I'm trying to develop a oneAPI application that uses a long-running persistent kernel running independently of the host process and uses short-lived kernels to coordinate messages between the host and persistent kernel (which I hope will form the basis of a network packet processing kernel). I am using kernel-to-kernel pipes and kernel lifetimes to signal events to and from the host process until host-to-kernel pipes are implemented. I have a timer kernel which runs an exact number of iterations to generate events at a deterministic time interval for use on the FPGA. Currently, all it does is signal an event back to the host and the host prints the time it took to run. I have gotten the whole setup working as expected, except when I introduce a global memory access inside the persistent kernel, I get random hangs and it looks like some pipe messages are getting dropped. I am a software engineer and don't have any experience with HDL or FPGA specific constructs but have done some research to try and understand what might be going on. My best guess looks like this has something to do with stallable instructions on the FPGA when accessing memory. The compiler is generating Burst-Coalesced LSUs which mention trying to aggregate memory operations to improve efficient access. In this case it looks like the pipes are dropping messages, but I don't fully understand the behavior and am hoping someone with more experience can explain it to me since I'm unable to debug the design at the FPGA simulation level. I'm not sure if this is a bug or if my code is violating some assumptions, but from what I can tell, I don't see anything obviously wrong. I put the code up in a Git repo to reproduce the issue: https://github.com/AustinKnutsonSprint/oneapi-timer-kernel-hang To remove the hang, comment out line 101 which is the problematic global memory access. I have been running my tests on devcloud with an Arria 10 FPGA.
I may have stumbled across a solution but I'm not sure if it's correct. By wrapping accesses to global memory from different concurrent kernels with atomic_fence, it removes the hang.

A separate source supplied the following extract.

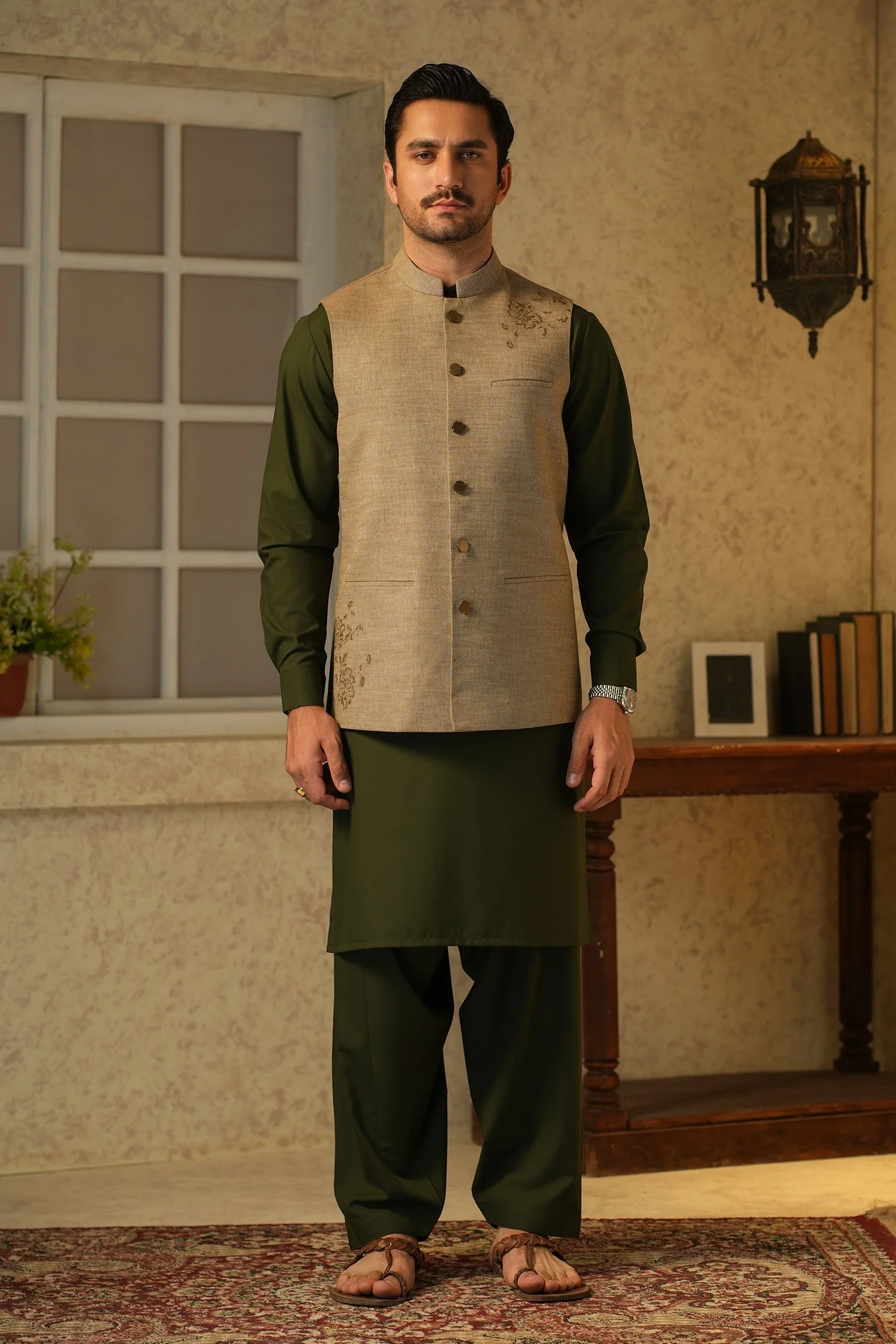 MENS BASIC WAISTCOAT - BROWN AWF2530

I updated my example repo here: https://github.com/AustinKnutsonSprint/oneapi-timer-kernel-hang/tree/fences
Hopefully someone from Intel can confirm what the underlying problem is and whether this is an appropriate fix.
Kernel hangs with pipes pretty much always happen due to one of the following two reasons:
- The amount of data read/written to a pipe is not equal to the amount written/read on the other side. This would result in a hang during software emulation, too.
- Existence of a cycle of pipes in the kernel where, in case of pipe read/write operations being reordered by the compiler, could result in a kernel hang. This will not show up in software emulation.
I am not familiar with OneApi, but the backend compiler is supposedly the same the OpenCL compiler. I would assume just like OpenCL, there should also be some barrier pragma or something that allows forcing ordering of pipe operations and preventing the compiler from reordering them. The first debugging step in your case would probably be to add such a barrier after every pipe read and write operation in your code to see if the hang is the result of operation re-ordering by the compiler.
P.S. Pipes will never "drop" data; that is why they can cause hangs.